[[ Given records open ]]

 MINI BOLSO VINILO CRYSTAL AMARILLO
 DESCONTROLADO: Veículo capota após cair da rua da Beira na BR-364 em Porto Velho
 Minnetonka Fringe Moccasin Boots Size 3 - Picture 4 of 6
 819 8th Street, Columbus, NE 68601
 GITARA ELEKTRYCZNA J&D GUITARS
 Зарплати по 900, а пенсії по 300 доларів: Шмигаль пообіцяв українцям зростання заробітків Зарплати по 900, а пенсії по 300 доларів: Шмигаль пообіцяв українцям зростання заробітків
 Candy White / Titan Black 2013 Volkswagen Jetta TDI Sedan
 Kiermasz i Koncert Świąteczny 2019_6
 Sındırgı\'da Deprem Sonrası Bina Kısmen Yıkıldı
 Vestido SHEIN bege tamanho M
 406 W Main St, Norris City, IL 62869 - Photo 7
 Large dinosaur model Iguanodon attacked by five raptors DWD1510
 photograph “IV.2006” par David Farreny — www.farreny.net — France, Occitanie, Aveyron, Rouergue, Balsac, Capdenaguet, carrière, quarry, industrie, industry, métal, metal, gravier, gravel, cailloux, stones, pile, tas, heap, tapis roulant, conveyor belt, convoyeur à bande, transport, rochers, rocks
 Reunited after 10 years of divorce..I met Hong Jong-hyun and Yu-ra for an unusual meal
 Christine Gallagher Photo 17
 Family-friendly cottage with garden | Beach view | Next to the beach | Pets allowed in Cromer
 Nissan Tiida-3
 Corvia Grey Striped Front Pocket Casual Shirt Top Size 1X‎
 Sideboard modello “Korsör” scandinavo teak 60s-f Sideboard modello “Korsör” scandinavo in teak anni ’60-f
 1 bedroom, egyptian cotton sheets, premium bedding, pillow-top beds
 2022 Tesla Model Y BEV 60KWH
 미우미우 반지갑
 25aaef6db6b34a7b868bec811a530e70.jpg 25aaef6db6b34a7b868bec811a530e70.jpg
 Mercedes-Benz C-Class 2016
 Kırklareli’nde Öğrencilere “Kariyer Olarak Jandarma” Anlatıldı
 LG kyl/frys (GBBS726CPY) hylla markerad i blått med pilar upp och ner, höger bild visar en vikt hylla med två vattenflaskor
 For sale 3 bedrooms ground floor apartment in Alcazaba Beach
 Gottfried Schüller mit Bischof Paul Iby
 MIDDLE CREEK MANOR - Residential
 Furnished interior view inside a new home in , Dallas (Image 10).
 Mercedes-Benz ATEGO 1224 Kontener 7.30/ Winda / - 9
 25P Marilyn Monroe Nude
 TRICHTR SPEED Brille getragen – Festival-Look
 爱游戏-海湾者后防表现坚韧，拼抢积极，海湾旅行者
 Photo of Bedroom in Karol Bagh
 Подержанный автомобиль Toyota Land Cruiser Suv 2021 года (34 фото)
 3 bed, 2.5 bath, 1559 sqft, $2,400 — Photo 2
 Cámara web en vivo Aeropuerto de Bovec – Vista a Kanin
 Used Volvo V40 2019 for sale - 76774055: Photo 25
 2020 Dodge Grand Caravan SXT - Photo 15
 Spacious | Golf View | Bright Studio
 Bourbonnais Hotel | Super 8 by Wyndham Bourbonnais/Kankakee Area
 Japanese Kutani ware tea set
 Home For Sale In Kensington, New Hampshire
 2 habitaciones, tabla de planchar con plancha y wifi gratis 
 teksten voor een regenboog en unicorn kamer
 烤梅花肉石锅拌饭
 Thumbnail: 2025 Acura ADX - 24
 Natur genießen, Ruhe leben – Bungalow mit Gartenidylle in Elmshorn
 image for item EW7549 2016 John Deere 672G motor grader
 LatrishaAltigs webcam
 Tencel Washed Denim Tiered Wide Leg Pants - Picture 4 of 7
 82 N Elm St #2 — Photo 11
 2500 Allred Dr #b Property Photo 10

[[ Given records closed ]]

From the first line to the last, return the data exactly as written.

 MINI BOLSO VINILO CRYSTAL AMARILLO
 DESCONTROLADO: Veículo capota após cair da rua da Beira na BR-364 em Porto Velho
 Minnetonka Fringe Moccasin Boots Size 3 - Picture 4 of 6
 819 8th Street, Columbus, NE 68601
 GITARA ELEKTRYCZNA J&D GUITARS
 Зарплати по 900, а пенсії по 300 доларів: Шмигаль пообіцяв українцям зростання заробітків Зарплати по 900, а пенсії по 300 доларів: Шмигаль пообіцяв українцям зростання заробітків
 Candy White / Titan Black 2013 Volkswagen Jetta TDI Sedan
 Kiermasz i Koncert Świąteczny 2019_6
 Sındırgı\'da Deprem Sonrası Bina Kısmen Yıkıldı
 Vestido SHEIN bege tamanho M
 406 W Main St, Norris City, IL 62869 - Photo 7
 Large dinosaur model Iguanodon attacked by five raptors DWD1510
 photograph “IV.2006” par David Farreny — www.farreny.net — France, Occitanie, Aveyron, Rouergue, Balsac, Capdenaguet, carrière, quarry, industrie, industry, métal, metal, gravier, gravel, cailloux, stones, pile, tas, heap, tapis roulant, conveyor belt, convoyeur à bande, transport, rochers, rocks
 Reunited after 10 years of divorce..I met Hong Jong-hyun and Yu-ra for an unusual meal
 Christine Gallagher Photo 17
 Family-friendly cottage with garden | Beach view | Next to the beach | Pets allowed in Cromer
 Nissan Tiida-3
 Corvia Grey Striped Front Pocket Casual Shirt Top Size 1X‎
 Sideboard modello “Korsör” scandinavo teak 60s-f Sideboard modello “Korsör” scandinavo in teak anni ’60-f
 1 bedroom, egyptian cotton sheets, premium bedding, pillow-top beds
 2022 Tesla Model Y BEV 60KWH
 미우미우 반지갑
 25aaef6db6b34a7b868bec811a530e70.jpg 25aaef6db6b34a7b868bec811a530e70.jpg
 Mercedes-Benz C-Class 2016
 Kırklareli’nde Öğrencilere “Kariyer Olarak Jandarma” Anlatıldı
 LG kyl/frys (GBBS726CPY) hylla markerad i blått med pilar upp och ner, höger bild visar en vikt hylla med två vattenflaskor
 For sale 3 bedrooms ground floor apartment in Alcazaba Beach
 Gottfried Schüller mit Bischof Paul Iby
 MIDDLE CREEK MANOR - Residential
 Furnished interior view inside a new home in , Dallas (Image 10).
 Mercedes-Benz ATEGO 1224 Kontener 7.30/ Winda / - 9
 25P Marilyn Monroe Nude
 TRICHTR SPEED Brille getragen – Festival-Look
 爱游戏-海湾者后防表现坚韧，拼抢积极，海湾旅行者
 Photo of Bedroom in Karol Bagh
 Подержанный автомобиль Toyota Land Cruiser Suv 2021 года (34 фото)
 3 bed, 2.5 bath, 1559 sqft, $2,400 — Photo 2
 Cámara web en vivo Aeropuerto de Bovec – Vista a Kanin
 Used Volvo V40 2019 for sale - 76774055: Photo 25
 2020 Dodge Grand Caravan SXT - Photo 15
 Spacious | Golf View | Bright Studio
 Bourbonnais Hotel | Super 8 by Wyndham Bourbonnais/Kankakee Area
 Japanese Kutani ware tea set
 Home For Sale In Kensington, New Hampshire
 2 habitaciones, tabla de planchar con plancha y wifi gratis 
 teksten voor een regenboog en unicorn kamer
 烤梅花肉石锅拌饭
 Thumbnail: 2025 Acura ADX - 24
 Natur genießen, Ruhe leben – Bungalow mit Gartenidylle in Elmshorn
 image for item EW7549 2016 John Deere 672G motor grader
 LatrishaAltigs webcam
 Tencel Washed Denim Tiered Wide Leg Pants - Picture 4 of 7
 82 N Elm St #2 — Photo 11
 2500 Allred Dr #b Property Photo 10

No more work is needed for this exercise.